Exhibit A: The Image

A vertical image with a photo of Mitch up top and Barack on the bottom with about 5x amount of whitespace between them. — The test image, shrunk down to 480 pixels high from 3000.

Take a JPEG of two people, one black man, and one white guy up on top. Space them out with about 3000 pixels of vertical white space. Upload it to Twitter. The crop goes to the white guy. Put the black man on the top, and the crop again goes to the white guy. Duplicate the black man in the photo; crop still goes to the white guy. You can follow the long tread of random tests as you like. This contrived example forces the AI to make a decision. It’s not as complicated as the Trolly problem, but also not an ordinary image one would use for anything else.

Exhibit B: The AI

We can call it the AI or the Algorithm; either way, we don’t know much about it. I’m reusing parts of an explanatory thread by expert game designer Rob Zubek which provides an excellent walk-through. Looking for faces and cropping is a classic game. This heuristic doesn’t work for images like my pyramid photo. If the image has 20 faces, an algorithm designer would have to adjust things to pick the most prominent face or randomly pick one. Also, face datasets have known biases, and face detectors often miss faces. Following the hot trend in AI, people look to train and learn a general method.

In 2018, Twitter blogged a Speedy Neural Networks for Smart Auto-Cropping of Images and posted a paper called Faster Gaze Prediction With Dense Networks and Fisher Pruning on arXiv. We can only guess that this is their system. Twitter has promised to open source the algorithm, too, but more on that later. Both the blog post and technical report point to how they use DeepGaze II (an eye-gaze prediction method) to identify salient areas of the image. This method does not look for faces or objects; it only predicts eye gaze to find regions of interest based on low-level features/textures. Once they find a salient area, they crop around it.

Five sample photos and heatmaps of sailent regions below each photo. — Some sample photos and hot spots (saliency maps) from the DeepGaze II.

Easy ya. We can see the before and after tests in the report.

Four photos of Twitter’s former poor cropping mechanism. — Before: Some really bad image crops.

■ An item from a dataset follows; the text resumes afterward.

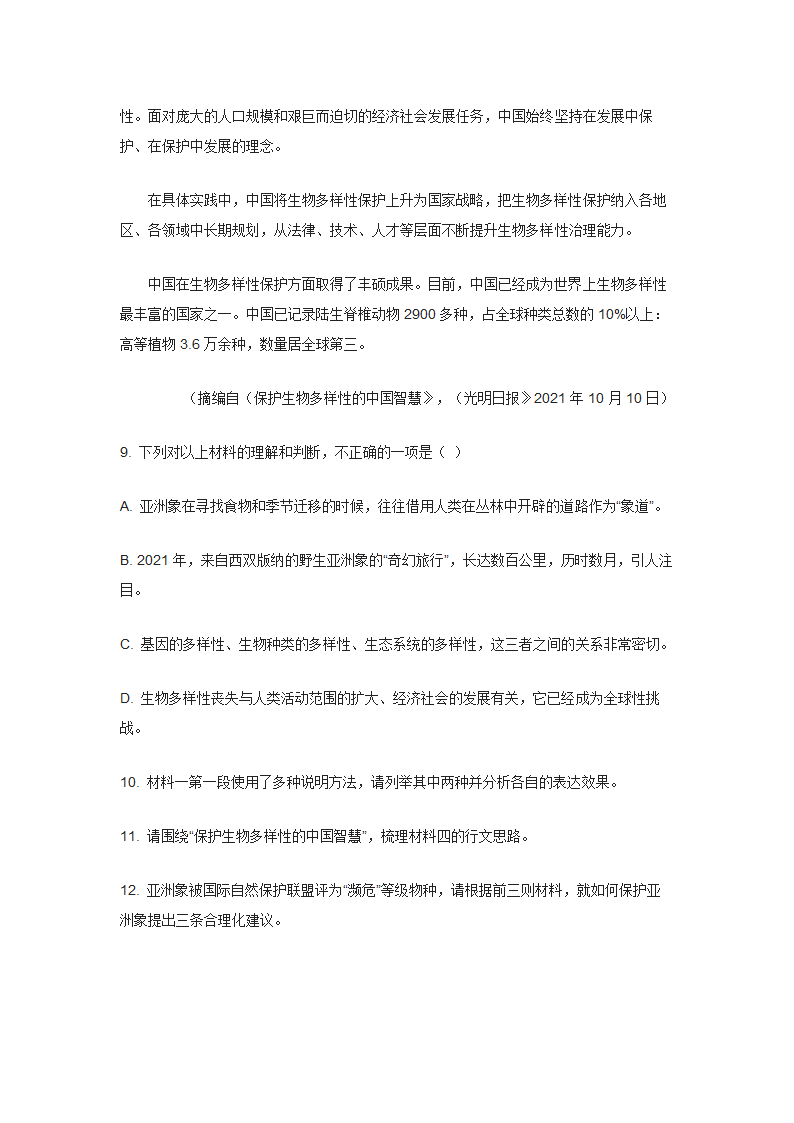 2022年全国语文中考现代文阅读真题汇编（word版含答案）.doc第9页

Four photos of Twitter’s new cropping mechanism with proper cuts to the salient object. — After: Gaze-based cropping with vastly superior results.

Now, this idea of computational prediction of eye-tracking predates today’s deep learning methods. Deep learning provides advancements to the pixels in/eye-gaze out world. When we look at the new approach versus the old one, there is a ‘hot damn’ magical moment. I’m sure they ran people of all races and sizes through the training, validation, and testing process.

Eye tracking, Gaze Prediction, and Salience

There’s no shortage of tools that people use to track or predict gaze to measure engagement. Many eye-tracking studies have verified people will look at faces, and it’s quite common to use eye-tracking to measure where people look on your website, video game, or advertisement. Many factors that come into play. Take the example of a diaper ad. If the baby in the ad is facing forward, eye-tracking software will show you people look at the baby’s face. If the baby is looking towards the text, we see more of the words get attention from the viewer and the logo in the bottom right. Using expensive and often clunky equipment, one can run these experiments and get results.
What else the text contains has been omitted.